----- Task input
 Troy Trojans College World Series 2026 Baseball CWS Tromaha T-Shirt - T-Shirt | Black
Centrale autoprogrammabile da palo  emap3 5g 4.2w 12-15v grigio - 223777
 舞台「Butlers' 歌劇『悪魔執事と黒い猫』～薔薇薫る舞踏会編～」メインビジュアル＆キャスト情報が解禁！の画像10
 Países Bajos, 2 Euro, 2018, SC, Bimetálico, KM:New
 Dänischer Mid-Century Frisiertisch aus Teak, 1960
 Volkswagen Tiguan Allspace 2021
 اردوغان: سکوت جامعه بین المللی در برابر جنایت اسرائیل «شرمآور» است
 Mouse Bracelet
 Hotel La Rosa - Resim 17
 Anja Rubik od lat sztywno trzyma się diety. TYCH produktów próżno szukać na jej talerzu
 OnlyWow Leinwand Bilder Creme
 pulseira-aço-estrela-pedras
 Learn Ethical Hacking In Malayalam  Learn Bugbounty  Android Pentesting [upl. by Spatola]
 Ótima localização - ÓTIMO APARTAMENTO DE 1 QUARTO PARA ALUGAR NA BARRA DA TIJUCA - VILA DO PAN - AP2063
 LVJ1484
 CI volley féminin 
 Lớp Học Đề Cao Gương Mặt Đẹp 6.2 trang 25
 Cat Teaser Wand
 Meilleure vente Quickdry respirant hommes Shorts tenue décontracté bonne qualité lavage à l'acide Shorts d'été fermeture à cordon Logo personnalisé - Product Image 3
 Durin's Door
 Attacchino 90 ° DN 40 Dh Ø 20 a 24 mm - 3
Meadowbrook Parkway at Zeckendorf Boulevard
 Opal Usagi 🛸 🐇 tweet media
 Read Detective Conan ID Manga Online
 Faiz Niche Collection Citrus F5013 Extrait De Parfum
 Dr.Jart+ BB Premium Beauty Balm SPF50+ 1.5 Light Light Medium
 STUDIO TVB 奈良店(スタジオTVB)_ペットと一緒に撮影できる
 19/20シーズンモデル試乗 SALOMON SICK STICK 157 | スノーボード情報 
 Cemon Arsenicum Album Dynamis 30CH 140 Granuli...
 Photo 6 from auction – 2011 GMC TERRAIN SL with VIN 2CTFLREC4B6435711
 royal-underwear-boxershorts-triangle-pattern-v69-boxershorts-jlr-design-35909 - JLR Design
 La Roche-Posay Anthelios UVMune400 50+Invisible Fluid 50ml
----------
### Work order
Only the lines above from the one with "Attacchino 90 ° DN 40 Dh Ø 20 a 24 mm - 3" through the one with "Photo 6 from" should be duplicated, character for character.

### Solution
 Attacchino 90 ° DN 40 Dh Ø 20 a 24 mm - 3
Meadowbrook Parkway at Zeckendorf Boulevard
 Opal Usagi 🛸 🐇 tweet media
 Read Detective Conan ID Manga Online
 Faiz Niche Collection Citrus F5013 Extrait De Parfum
 Dr.Jart+ BB Premium Beauty Balm SPF50+ 1.5 Light Light Medium
 STUDIO TVB 奈良店(スタジオTVB)_ペットと一緒に撮影できる
 19/20シーズンモデル試乗 SALOMON SICK STICK 157 | スノーボード情報 
 Cemon Arsenicum Album Dynamis 30CH 140 Granuli...
 Photo 6 from auction – 2011 GMC TERRAIN SL with VIN 2CTFLREC4B6435711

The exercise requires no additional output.